── EXTRACTED MATERIAL ──
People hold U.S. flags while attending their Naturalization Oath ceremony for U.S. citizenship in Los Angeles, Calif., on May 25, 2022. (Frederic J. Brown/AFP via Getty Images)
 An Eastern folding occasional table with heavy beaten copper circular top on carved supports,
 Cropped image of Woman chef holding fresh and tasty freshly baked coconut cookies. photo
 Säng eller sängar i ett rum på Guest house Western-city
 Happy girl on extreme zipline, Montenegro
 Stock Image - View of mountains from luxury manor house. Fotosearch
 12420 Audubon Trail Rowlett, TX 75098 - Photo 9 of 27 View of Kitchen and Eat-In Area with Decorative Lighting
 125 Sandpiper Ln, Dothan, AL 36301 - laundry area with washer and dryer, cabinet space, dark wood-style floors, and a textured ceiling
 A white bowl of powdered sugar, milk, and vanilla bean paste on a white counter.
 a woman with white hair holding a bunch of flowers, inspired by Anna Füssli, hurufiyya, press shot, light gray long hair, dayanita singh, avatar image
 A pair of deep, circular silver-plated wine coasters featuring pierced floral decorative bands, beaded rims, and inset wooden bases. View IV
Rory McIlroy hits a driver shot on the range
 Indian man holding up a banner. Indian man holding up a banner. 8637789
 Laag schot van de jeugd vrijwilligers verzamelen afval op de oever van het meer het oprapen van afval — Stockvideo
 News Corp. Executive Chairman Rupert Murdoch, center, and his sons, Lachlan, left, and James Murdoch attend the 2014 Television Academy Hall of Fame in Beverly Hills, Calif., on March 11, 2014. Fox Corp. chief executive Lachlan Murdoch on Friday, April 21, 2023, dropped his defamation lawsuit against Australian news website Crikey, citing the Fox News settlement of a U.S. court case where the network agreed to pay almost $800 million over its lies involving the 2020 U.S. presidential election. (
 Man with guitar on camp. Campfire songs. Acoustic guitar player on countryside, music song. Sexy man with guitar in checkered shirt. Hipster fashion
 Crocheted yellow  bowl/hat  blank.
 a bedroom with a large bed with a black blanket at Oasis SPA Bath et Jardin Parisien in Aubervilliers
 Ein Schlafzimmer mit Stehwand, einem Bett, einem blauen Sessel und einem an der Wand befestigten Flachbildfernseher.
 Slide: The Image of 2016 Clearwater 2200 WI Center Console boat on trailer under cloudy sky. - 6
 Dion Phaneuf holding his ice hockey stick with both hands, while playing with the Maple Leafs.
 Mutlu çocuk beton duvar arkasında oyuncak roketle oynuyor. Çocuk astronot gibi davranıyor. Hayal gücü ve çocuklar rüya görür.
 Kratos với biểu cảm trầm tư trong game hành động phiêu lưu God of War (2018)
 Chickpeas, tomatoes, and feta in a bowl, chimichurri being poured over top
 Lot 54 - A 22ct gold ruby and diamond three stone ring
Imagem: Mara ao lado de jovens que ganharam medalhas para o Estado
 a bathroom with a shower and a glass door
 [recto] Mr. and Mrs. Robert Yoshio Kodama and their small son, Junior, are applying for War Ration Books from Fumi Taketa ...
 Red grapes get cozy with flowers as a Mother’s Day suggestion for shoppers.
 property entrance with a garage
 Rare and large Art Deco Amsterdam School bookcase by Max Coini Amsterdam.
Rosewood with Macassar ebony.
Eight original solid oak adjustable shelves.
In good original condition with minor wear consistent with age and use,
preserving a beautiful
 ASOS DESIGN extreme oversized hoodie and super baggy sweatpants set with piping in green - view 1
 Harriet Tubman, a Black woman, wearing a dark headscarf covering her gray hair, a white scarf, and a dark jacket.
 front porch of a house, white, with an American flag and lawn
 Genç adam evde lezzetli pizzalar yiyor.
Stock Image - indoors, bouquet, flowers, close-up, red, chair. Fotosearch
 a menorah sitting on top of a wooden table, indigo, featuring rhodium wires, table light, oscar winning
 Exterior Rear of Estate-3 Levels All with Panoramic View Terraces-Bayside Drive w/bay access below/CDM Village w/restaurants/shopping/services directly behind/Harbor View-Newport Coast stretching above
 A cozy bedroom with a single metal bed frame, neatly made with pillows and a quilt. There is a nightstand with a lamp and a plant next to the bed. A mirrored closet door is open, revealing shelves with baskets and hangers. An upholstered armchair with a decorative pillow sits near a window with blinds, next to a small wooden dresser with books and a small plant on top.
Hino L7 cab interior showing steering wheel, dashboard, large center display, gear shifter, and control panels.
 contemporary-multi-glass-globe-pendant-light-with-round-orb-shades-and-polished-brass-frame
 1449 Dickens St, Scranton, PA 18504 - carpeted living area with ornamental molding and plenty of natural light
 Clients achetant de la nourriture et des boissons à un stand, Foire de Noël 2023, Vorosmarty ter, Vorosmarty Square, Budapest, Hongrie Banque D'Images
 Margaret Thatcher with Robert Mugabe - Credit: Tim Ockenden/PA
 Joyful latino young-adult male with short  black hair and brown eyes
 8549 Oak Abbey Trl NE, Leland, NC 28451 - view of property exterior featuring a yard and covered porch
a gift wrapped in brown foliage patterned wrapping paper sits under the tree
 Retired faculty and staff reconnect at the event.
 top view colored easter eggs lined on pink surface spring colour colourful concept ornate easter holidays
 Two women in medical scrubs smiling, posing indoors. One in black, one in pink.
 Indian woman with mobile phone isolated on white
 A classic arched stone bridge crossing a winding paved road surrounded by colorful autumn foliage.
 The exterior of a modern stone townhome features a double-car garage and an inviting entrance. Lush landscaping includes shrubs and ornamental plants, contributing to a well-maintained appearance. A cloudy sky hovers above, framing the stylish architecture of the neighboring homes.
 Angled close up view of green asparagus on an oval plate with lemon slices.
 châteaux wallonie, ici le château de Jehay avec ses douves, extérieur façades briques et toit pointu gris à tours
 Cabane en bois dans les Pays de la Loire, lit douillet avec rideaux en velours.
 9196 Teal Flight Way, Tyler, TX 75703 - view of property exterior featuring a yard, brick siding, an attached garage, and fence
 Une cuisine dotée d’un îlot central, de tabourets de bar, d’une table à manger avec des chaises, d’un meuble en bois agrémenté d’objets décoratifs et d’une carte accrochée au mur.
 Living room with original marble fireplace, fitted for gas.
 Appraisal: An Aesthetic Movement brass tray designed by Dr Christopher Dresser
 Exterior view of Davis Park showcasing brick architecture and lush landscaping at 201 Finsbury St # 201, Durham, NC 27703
───
- ACTION ITEM
Throughout the records above, find the lines in which the word "shot" appears and return them.

- OUTPUT FOR THIS EXERCISE
 a woman with white hair holding a bunch of flowers, inspired by Anna Füssli, hurufiyya, press shot, light gray long hair, dayanita singh, avatar image
Rory McIlroy hits a driver shot on the range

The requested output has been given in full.